Sementara dalam laporan keuangan yang disampaikan di arena Rapat Umum Pemegang Saham Tahunan (RUPST) di bulan April lalu, Garuda Indonesia mengklaim laba sepanjang 2018 sebesar Rp 70 miliar.
Dua komisaris menolak menandatangani laporan keuangan yang disampaikan di RUPST. Bursa Efek Indonesia (BEI) dan Otoritas Jasa Keuangan (OJK) juga menemukan rekayasa dimaksud dan meminta agar Garuda menyusun ulang laporan keuangan.
Lantas apa dampak hukum dari rekayasa pencatatan keuangan itu?
Anggota Komisi III DPR RI Masinton Pasaribu mengatakan, kasus laporan keuangan ini sangat merugikan Garuda Indonesia. Kepercayaan publik pada Garuda Indonesia akan menurun drastis.

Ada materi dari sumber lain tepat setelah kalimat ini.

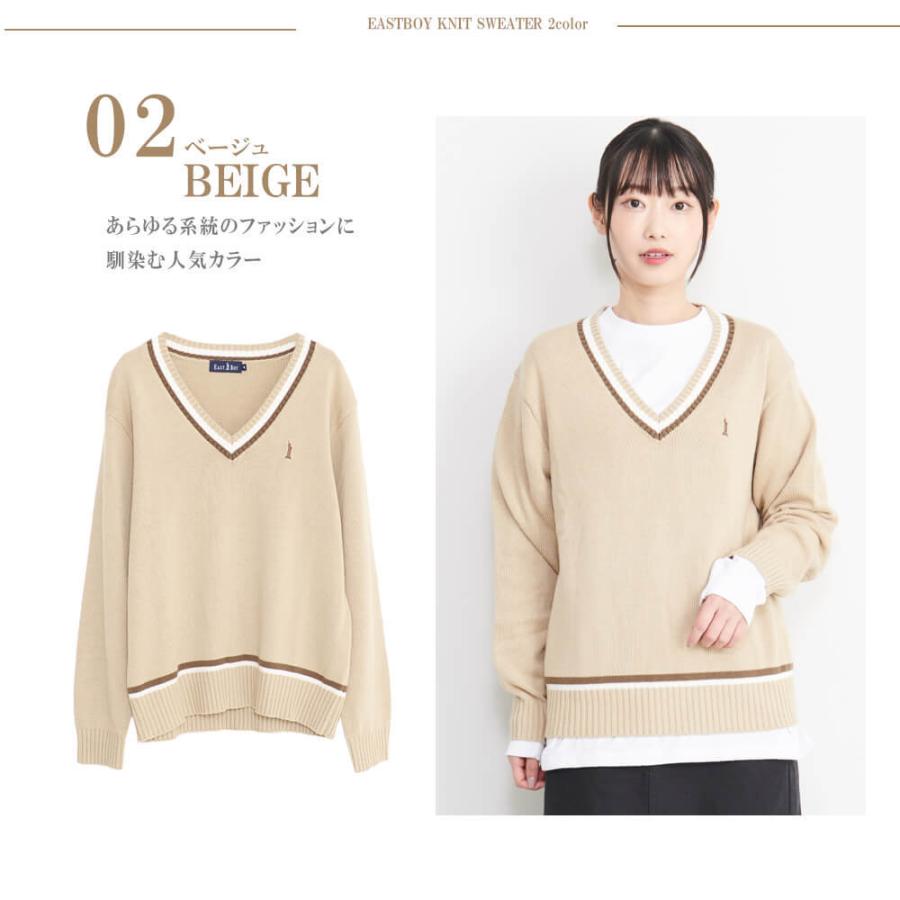 Web限定 イーストボーイ Vネックニット セーター レディース 長袖トップス 女の子 高校生 中学生 春 秋 冬 服 かわいい おしゃれ Eastboy Outfit Ebl スポーツブランド ウェア バッグ Outfit 通販 Yahoo ショッピング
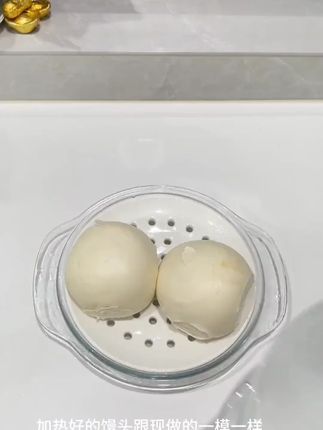 微波炉美食专用玻璃碗蒸蛋碗带孔盘蒸馒头耐高温双耳带盖玻璃汤煲#微波炉美食 #玻璃汤煲 #蒸蛋碗 #耐高温 #厨房好物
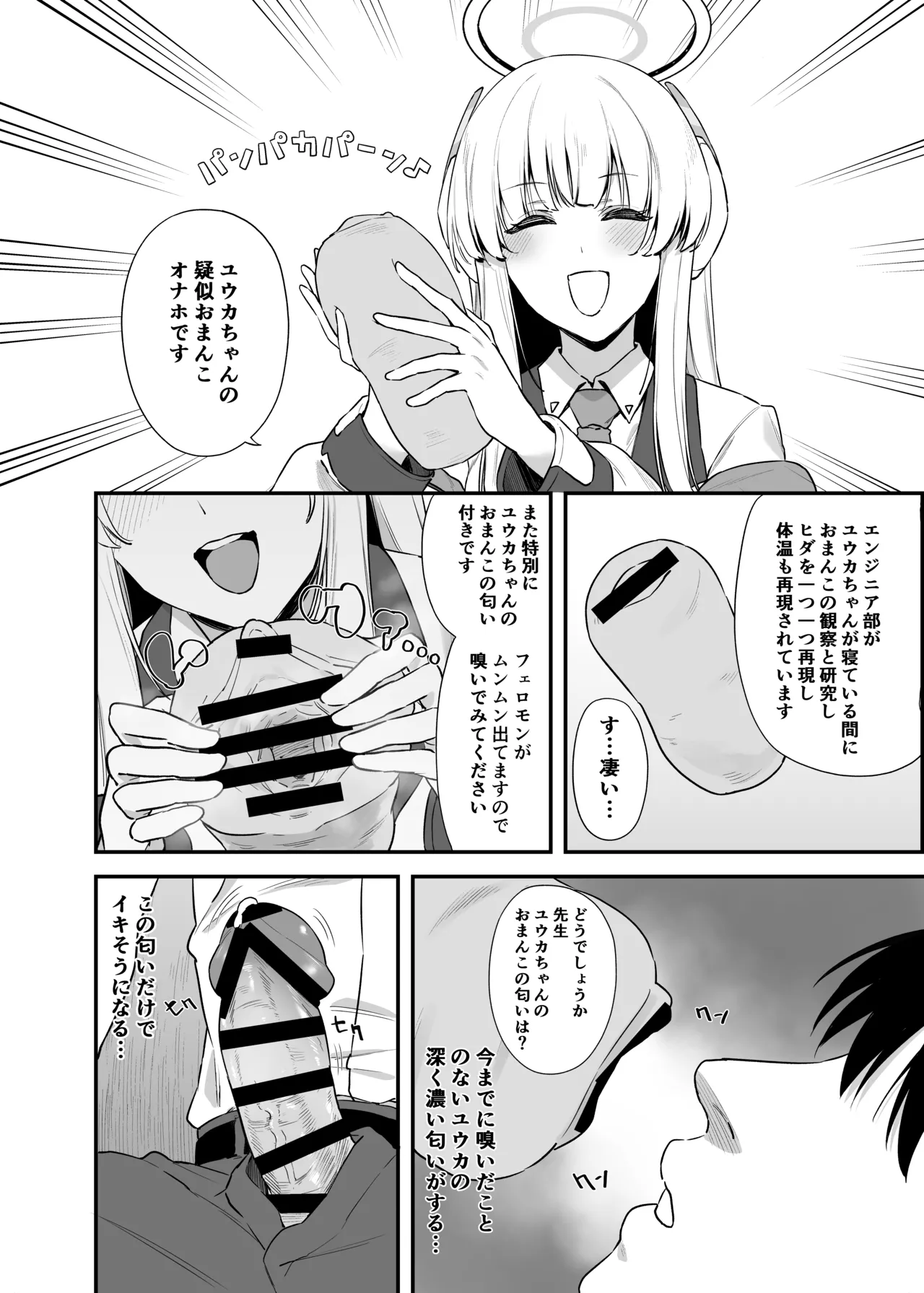先生 お時間いただきますね Page.9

“Prinsip dalam pengelolaan BUMN adalah clear and clean, terbuka, transparan, dan juga jujur,” ujarnya usai menjadi pembicara dalam sebuah dialog di Jakarta Sabtu pagi (27/7).
Namun di sisi lain, Masinton mengatakan dirinya belum mempelajari konsekuensi hukum dari rekayasa keuangan ini.
“Tapi secara akuntanbilitas dari laporan seperti itu yang diragukan berdampak pada kepercayaan publi terhadap Garuda,” ujarnya usai menjadi pembicara dalam talkshow Polemik bertema “Utak-Atik Manuver Elit” di Jalan KH. Wahid Hasyim, Jakarta Pusat.